Input data START
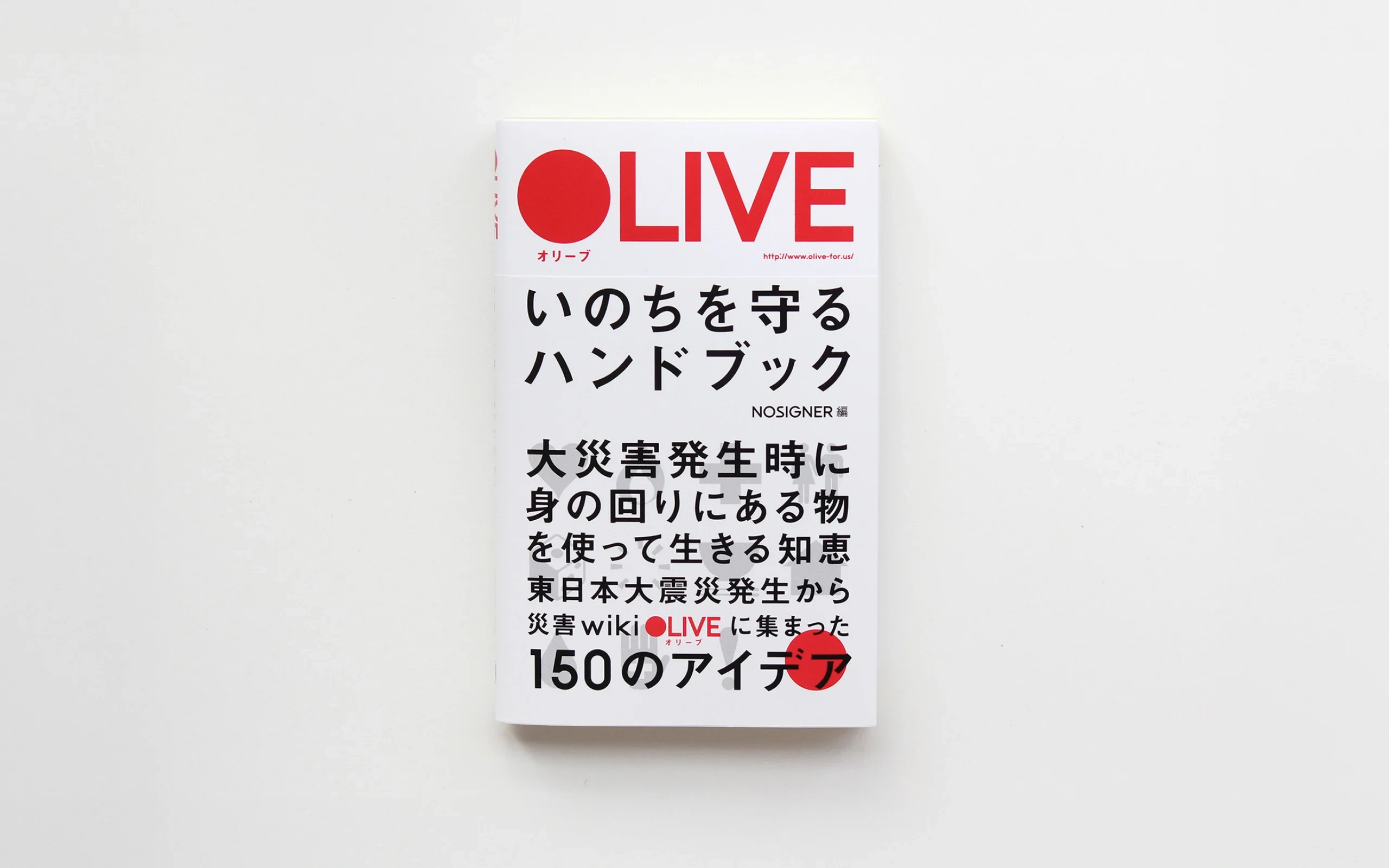OLIVE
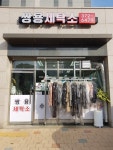 쌍용세탁소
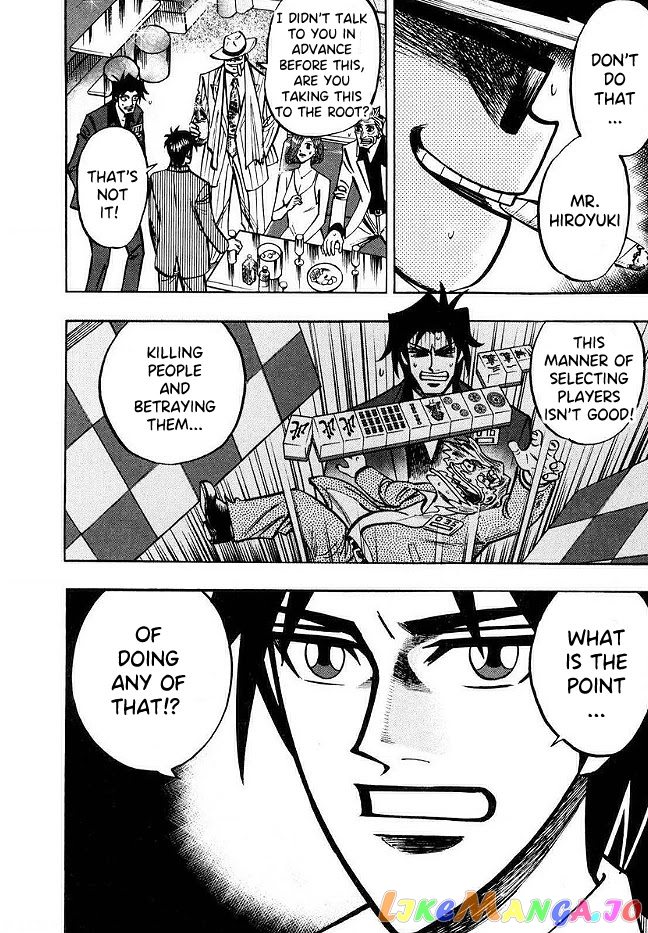 Hero: Akagi no Ishi wo Tsugu Otoko chapter 44 - page 8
Input data END
== Exercise description ==
Omit the pictures and write out the remaining data exactly.

== Exercise result ==
OLIVE
 쌍용세탁소
 Hero: Akagi no Ishi wo Tsugu Otoko chapter 44 - page 8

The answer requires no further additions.